«Merci Patron !», «Demain»... «Ces films répondent à une attente que nous avions du mal à formuler»
MILITANTISME•Emmanuel Ethis, sociologue du 7e art, tente d’expliquer le succès des documentaires « Merci Patron ! » et « Demain » et les vocations qu’ils déclenchent…Propos recueillis par Olivier Philippe-Viela
Succès étonnants. Le nombre d’entrées réalisées par Demain, le documentaire de Cyril Dion et Mélanie Laurent (supérieur à un million), et le score en salles de Merci patron ! de François Ruffin (plus de 400.000 entrées) détonnent au box-office. Surtout, c’est leur impact social qui interpelle. Demain, paru en décembre 2015, présente sous la forme d’un road-movie plusieurs solutions à la crise environnementale et sociale. Partiellement produit par financement participatif, le film incite les spectateurs à adopter ces méthodes concrètes. Notamment à recourir aux circuits courts et à la production locale pour s’alimenter. Lors des projections du long-métrage, des listes d’acteurs locaux sont d’ailleurs distribuées aux participants.
Dans le même esprit, François Ruffin, réalisateur de Merci patron ! compte sur le soutien d’un public acquis à sa cause. Egalement rédacteur en chef du journal alternatif Fakir, Ruffin fait depuis deux mois un tour de France pour assister aux projections plus ou moins officielles de sa satire du système capitaliste (ici incarnés par LVMH et son patron Bernard Arnault). Jusqu’à devenir le film phare de #NuitDebout, diffusé place de la République et dans ses extensions provinciales.
Comment naissent ce lien et cet engagement des spectateurs vis-à-vis d’un film ? 20 Minutes a posé la question à Emmanuel Ethis, sociologue du 7e art, auteur du Cinéma près de la vie (éditions Démopolis).
Comment expliquer l’écho inhabituel des documentaires Demain et Merci Patron ! ?
Le succès de ces deux films tient avant tout à leur manière de traiter des thématiques qui interrogent notre société, du moins, la manière de faire société aujourd’hui, de bâtir des collectifs en phase avec le XXIe siècle. Le XXe s’est construit sur des crises, des fractures, des guerres qui ont défini les contours d’une certaine façon d’envisager le progrès comme progrès essentiellement technique. Aujourd’hui, le malaise est ailleurs. A l’heure du tout connecté, on cherche avant tout à effacer l’ardoise et repartir avec des valeurs qui nous permettent de nous réunir, de nous respecter, de reprendre pied sur notre terre, dans le temps, dans nos relations avec les autres. Le cinéma est LE lieu idéal, grégaire, où l’on réfléchit collectivement à tout cela. Ces films en sont de purs exemples. Ils répondent à une attente que nous avions du mal à formuler et qu’ils formulent à notre place.

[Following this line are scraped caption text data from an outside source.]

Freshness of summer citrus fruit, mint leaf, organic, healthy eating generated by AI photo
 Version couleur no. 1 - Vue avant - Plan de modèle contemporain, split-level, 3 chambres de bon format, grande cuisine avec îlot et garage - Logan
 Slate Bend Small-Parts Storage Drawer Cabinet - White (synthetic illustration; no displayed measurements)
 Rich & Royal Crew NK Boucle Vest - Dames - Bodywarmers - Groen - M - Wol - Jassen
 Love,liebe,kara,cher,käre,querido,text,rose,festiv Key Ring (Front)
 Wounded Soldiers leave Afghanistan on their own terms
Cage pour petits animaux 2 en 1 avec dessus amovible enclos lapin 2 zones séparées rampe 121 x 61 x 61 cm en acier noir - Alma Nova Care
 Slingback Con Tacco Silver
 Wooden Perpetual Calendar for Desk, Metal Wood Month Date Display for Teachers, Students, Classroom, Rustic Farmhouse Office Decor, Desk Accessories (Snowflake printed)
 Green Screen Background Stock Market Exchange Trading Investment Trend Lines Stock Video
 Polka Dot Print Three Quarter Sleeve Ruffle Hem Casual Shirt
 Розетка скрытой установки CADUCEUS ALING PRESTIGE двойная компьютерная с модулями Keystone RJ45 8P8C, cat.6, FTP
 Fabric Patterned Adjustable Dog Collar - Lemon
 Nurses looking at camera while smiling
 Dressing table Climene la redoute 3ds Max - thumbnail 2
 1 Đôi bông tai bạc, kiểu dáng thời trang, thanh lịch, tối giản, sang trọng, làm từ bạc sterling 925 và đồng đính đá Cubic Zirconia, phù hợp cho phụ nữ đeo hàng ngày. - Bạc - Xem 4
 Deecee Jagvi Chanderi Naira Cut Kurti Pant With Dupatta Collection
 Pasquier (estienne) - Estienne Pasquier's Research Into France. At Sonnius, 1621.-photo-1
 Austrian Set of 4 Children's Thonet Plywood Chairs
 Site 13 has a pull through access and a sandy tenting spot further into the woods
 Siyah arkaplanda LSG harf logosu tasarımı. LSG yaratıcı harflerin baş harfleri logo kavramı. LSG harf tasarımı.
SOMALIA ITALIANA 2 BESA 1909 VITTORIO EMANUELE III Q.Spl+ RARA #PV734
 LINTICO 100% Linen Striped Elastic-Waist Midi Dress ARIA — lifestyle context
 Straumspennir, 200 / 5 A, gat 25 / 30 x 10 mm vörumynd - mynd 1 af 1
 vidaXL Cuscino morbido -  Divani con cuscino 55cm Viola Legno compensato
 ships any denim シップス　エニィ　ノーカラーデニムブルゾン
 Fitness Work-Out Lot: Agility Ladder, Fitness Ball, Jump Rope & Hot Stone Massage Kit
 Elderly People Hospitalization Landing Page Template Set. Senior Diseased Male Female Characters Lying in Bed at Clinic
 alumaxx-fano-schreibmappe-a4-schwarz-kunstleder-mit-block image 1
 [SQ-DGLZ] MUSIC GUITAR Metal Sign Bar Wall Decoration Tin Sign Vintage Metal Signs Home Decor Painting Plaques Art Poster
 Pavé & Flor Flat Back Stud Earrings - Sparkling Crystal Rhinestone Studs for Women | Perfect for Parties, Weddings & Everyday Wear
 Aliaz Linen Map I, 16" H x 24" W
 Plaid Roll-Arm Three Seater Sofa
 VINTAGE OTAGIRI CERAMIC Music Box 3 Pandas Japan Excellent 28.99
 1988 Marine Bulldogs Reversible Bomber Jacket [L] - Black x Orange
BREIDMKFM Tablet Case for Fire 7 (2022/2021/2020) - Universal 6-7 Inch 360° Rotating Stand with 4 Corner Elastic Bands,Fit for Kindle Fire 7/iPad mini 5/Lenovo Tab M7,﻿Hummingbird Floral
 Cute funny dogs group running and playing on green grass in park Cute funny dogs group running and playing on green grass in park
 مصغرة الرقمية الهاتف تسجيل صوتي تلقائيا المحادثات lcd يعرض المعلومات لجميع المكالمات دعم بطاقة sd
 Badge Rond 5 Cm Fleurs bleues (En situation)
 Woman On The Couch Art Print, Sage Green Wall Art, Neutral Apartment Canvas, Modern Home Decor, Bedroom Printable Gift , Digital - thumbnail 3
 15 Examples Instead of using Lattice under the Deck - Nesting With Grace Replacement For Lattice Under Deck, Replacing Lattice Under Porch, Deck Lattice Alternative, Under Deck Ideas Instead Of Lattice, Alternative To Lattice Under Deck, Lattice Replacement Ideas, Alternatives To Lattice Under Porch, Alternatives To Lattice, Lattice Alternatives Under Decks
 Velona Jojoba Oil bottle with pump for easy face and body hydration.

Quels sont les précédents exemples de films engagés qui ont fédéré un tel public ?
On pense forcément aux films de Michael Moore en ce qui concerne les documentaires, aux films de Yann Arthus Bertrand, notamment Home. En fiction, les films de Chaplin, des Temps modernes au Dictateur, ont toujours fait preuve d’engagement, plus récemment Harvey Milk ou Welcome… Tous ces films fédèrent le public au sens où ils agrègent des questions. Pour ma part, je reste bouleversé par Devine qui vient dîner ce soir ? ou Douze hommes en colère qui n’ont pas perdu une once de leur force de conviction autour des questions relatives au racisme. Forcément ils nous interpellent car ils nous permettent de penser à des exemples qui nous ont saisis personnellement.
Ces films donnent-ils au spectateur le sentiment de pouvoir changer la société ?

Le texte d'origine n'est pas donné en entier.